Only the lines from the one holding "Tapa Trasera Iphone" through the end of the material are to be repeated, exactly and without pictures.

━━━

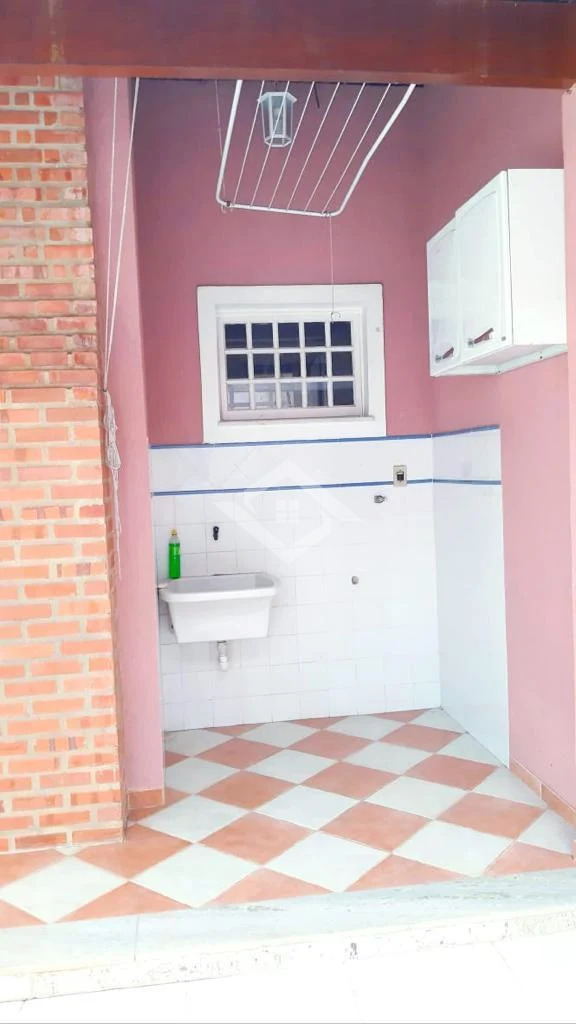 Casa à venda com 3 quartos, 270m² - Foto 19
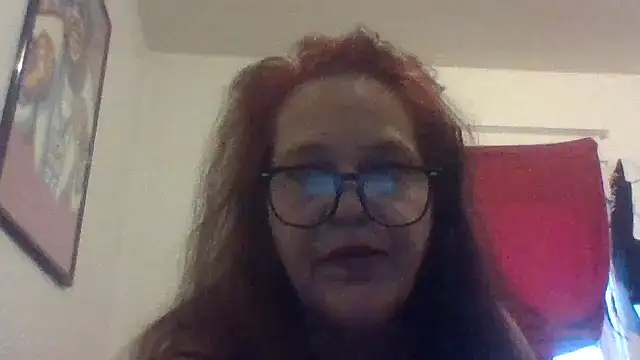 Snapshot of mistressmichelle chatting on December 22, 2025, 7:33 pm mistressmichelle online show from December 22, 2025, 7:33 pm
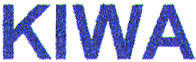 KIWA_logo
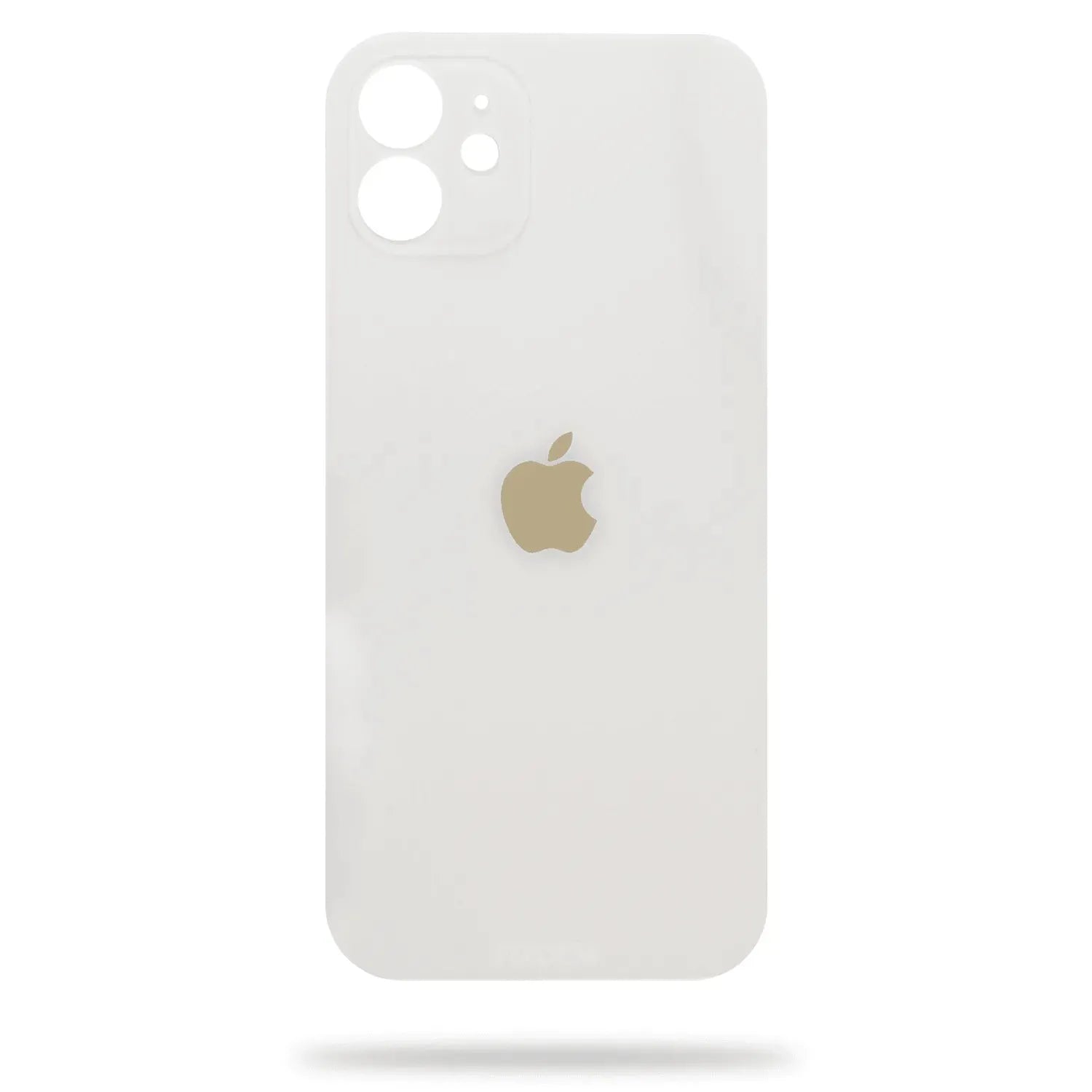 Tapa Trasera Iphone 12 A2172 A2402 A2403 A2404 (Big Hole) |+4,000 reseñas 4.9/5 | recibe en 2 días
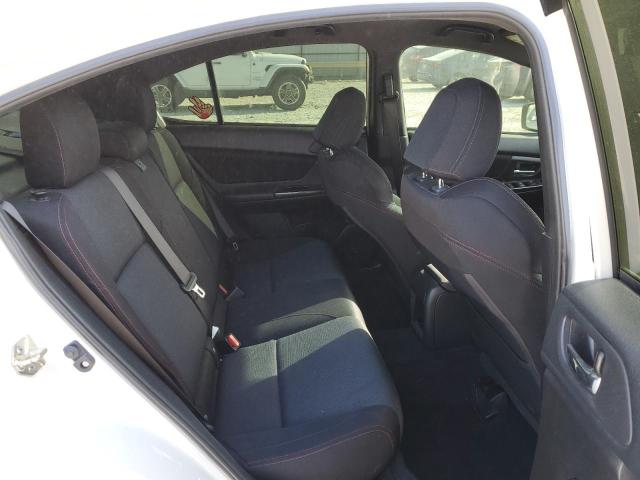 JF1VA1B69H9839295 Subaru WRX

━━━

**Result**
 Tapa Trasera Iphone 12 A2172 A2402 A2403 A2404 (Big Hole) |+4,000 reseñas 4.9/5 | recibe en 2 días
 JF1VA1B69H9839295 Subaru WRX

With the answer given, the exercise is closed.